The Trolleyologist
Mar 13, 2025You've probably heard of the infamous Trolley Problem, but you may not know that we owe its name to Judith Jarvis Thomson. She didn’t come up with the original thought experiment; that was Philippa Foot, one of the other philosophers that we’re featuring in this Wise Women series.
Comments (7)
Daniel
Tuesday, February 4, 2025 -- 3:12 PM
If one assumes a legal statusIf one assumes a legal status of personhood for an ostensive human individual during its stage of fetal development, this would not extend to any right of infringement on another's such status. This raised a question for me concerning the issue of fetal personhood in the event that Jarvis Thomson's 1971 argument for prenatal fetalectomy is conclusive.

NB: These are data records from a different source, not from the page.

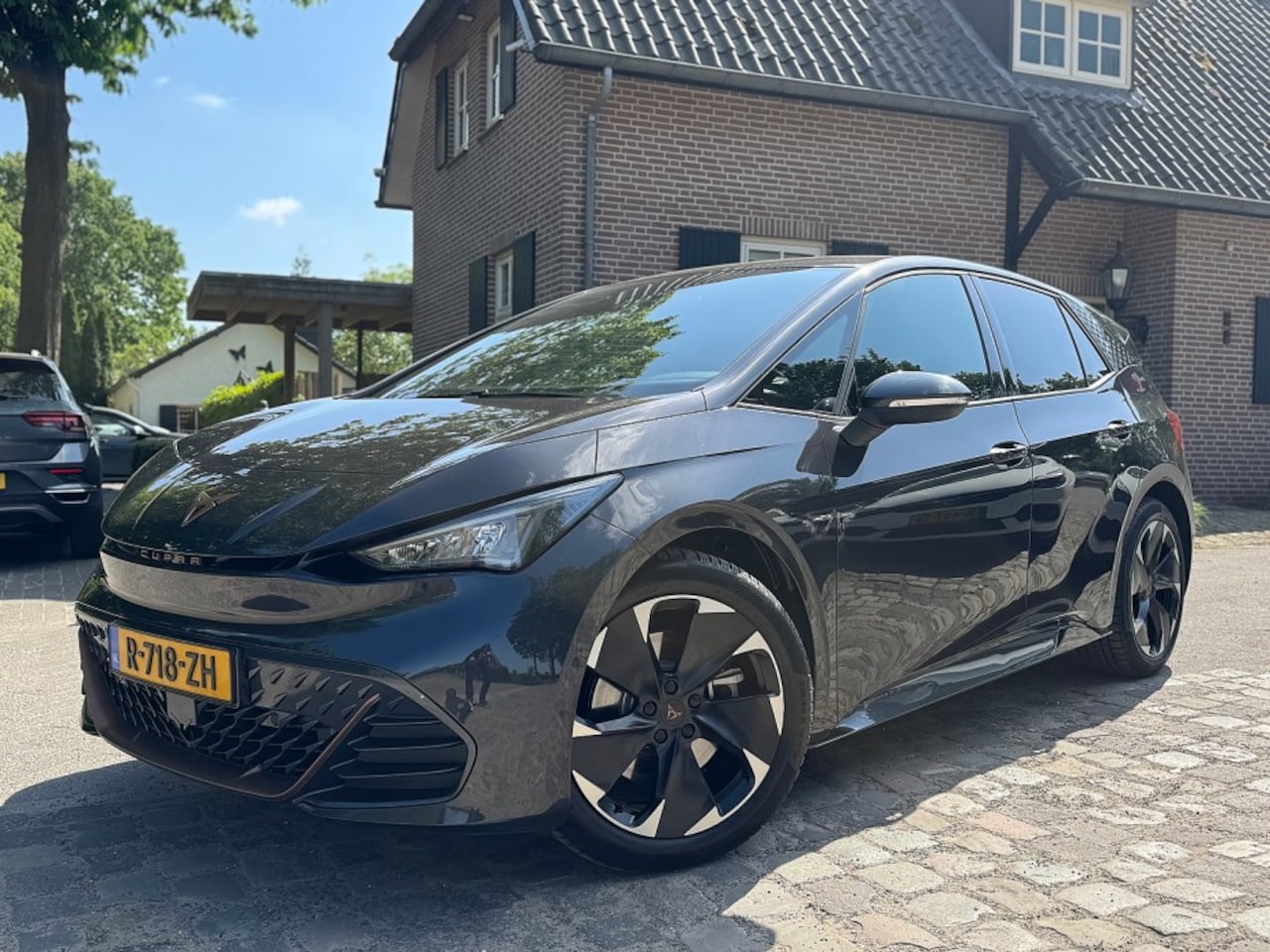 CUPRA Born - Adrenaline 62 kWh ecc,navi,matrix - AutoWereld.nl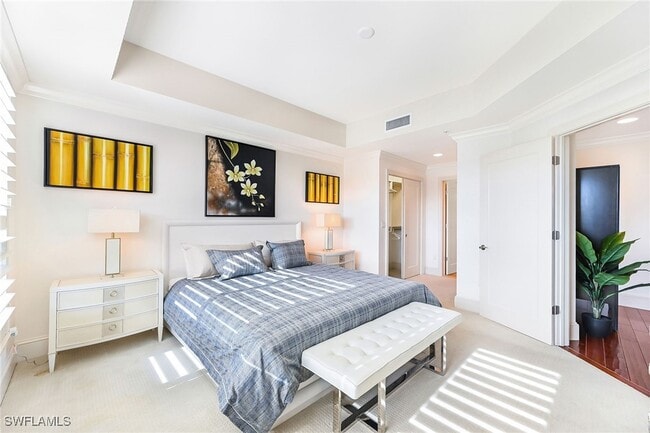 Building Photo - 9115 Strada Pl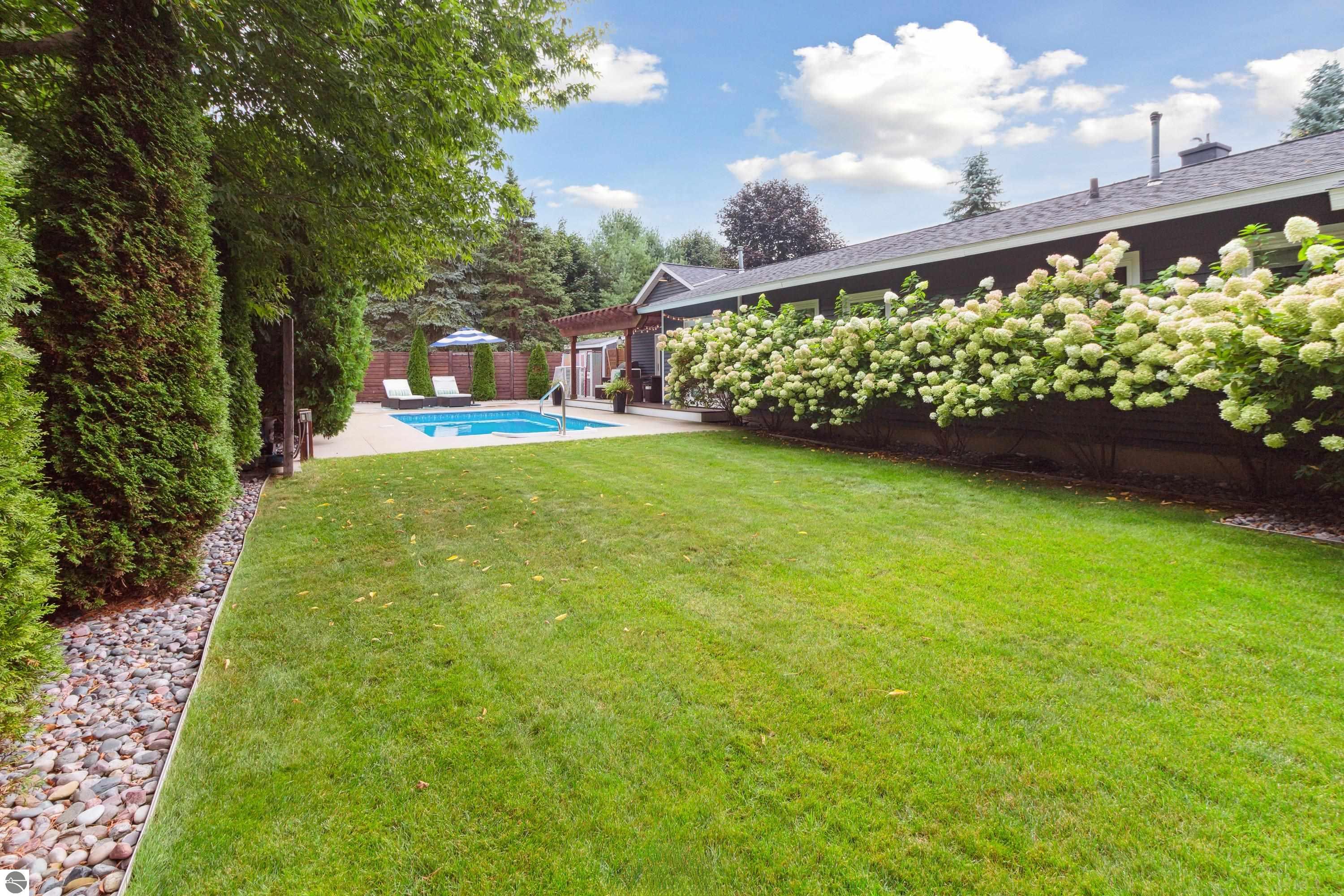 1513 N Orchard Drive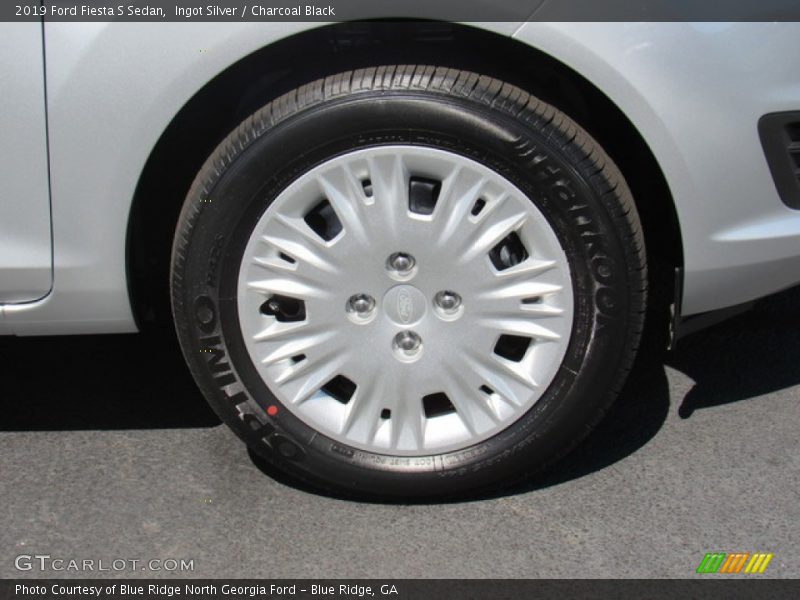 Ingot Silver / Charcoal Black 2019 Ford Fiesta S Sedan
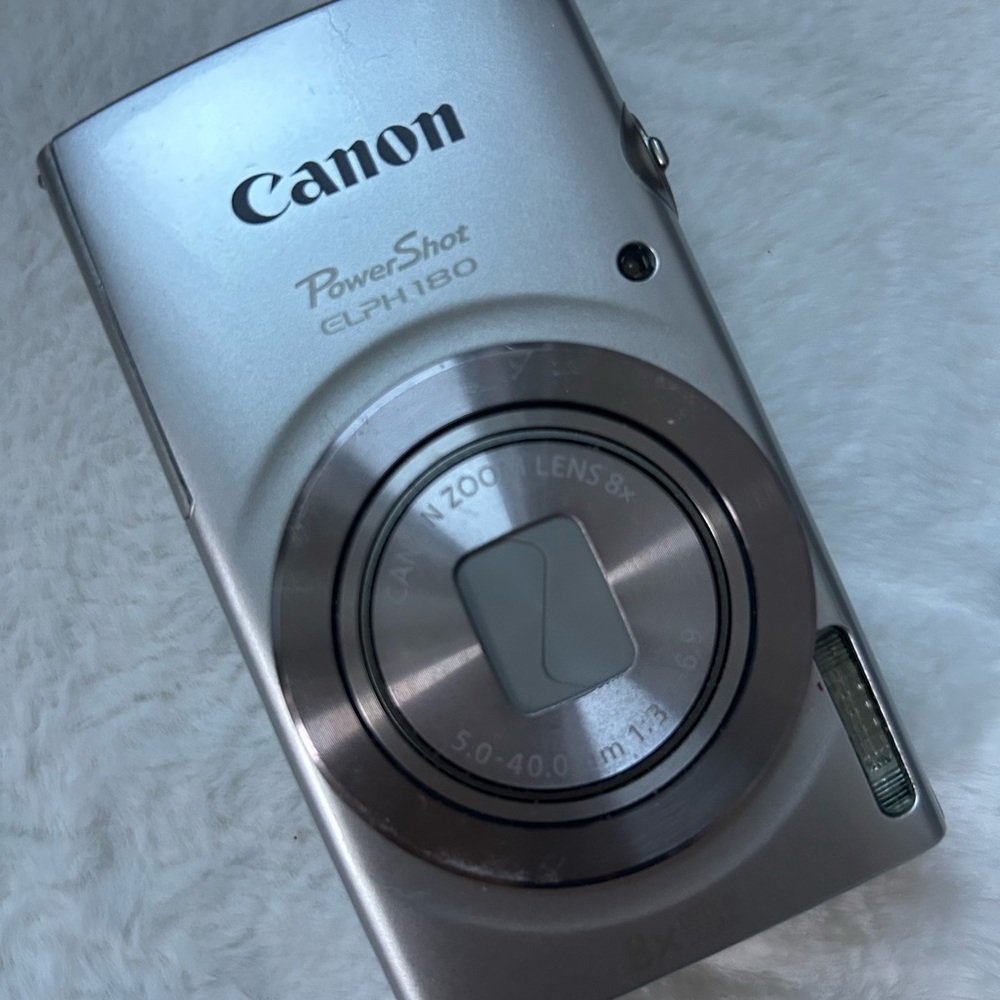 Canon Elph Powershot 180 - Everything included, Like new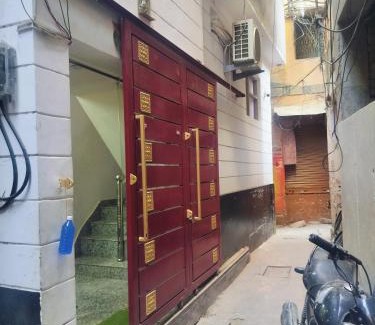 Varanasi House | GM P Guest House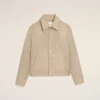 Chaqueta Ami de Coeur de nailon beige con botones de presión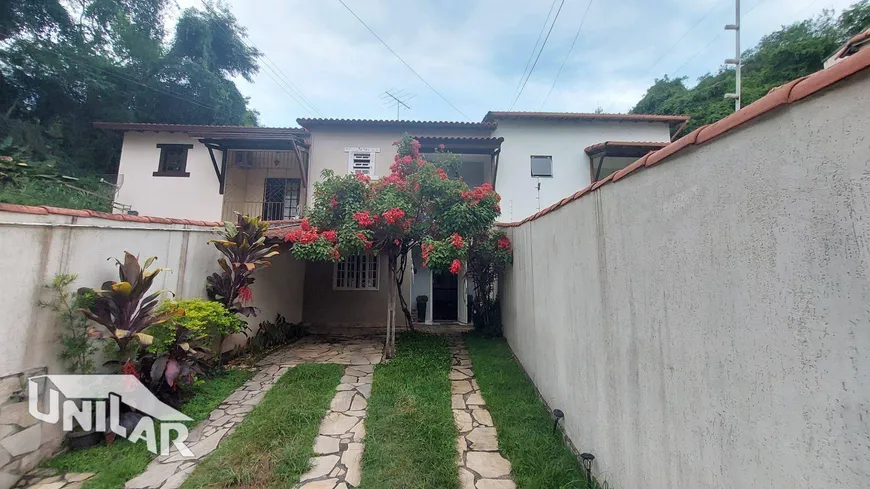 Foto 1 de Casa com 3 Quartos à venda, 141m² em Jardim Amália, Volta Redonda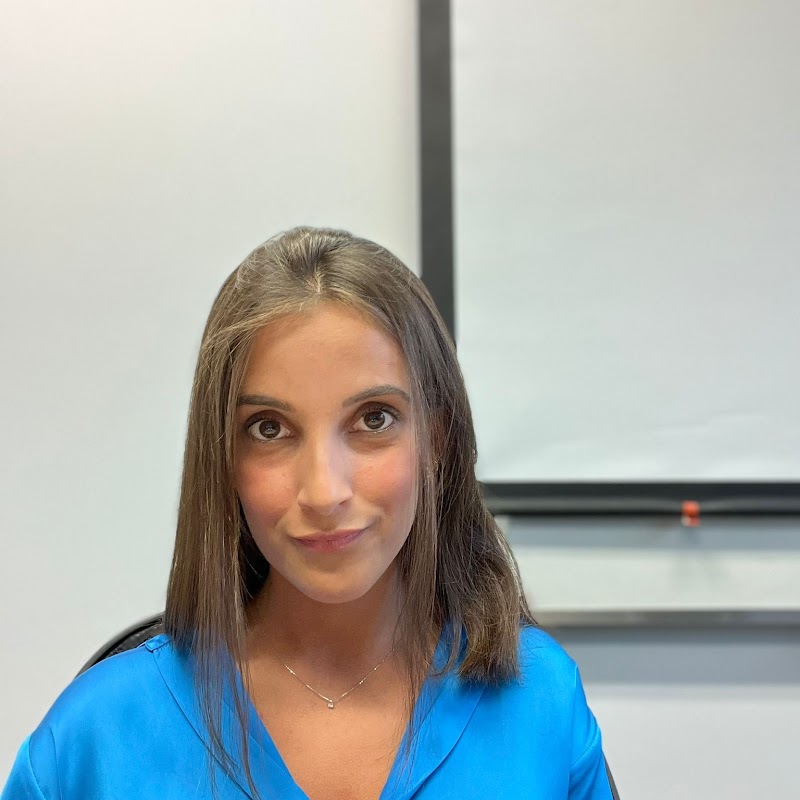 Conchita Sisí Martín, Psicólogo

The argument as I understand it compares a developing fetus with an adult who has been given a fatal diagnosis unless surgically attached to another adult's circulatory system in order to receive requisite nutrients, thereby providing nine more months of life. Good social and cultural reasons could be given with regards to why some such cases might be especially desirable, as in the case of a composer of a symphony projected to require nine months to complete, but individual characteristics of the terminally diagnosed patient strike me as non-essential to the argument. Given that both are legally protected by the rights of Persons, the fact that one life is at its beginning and another at its end is irrelevant. If no justified demand can be made to compel the life-sustaining service in one case, no such demand can be made in the other.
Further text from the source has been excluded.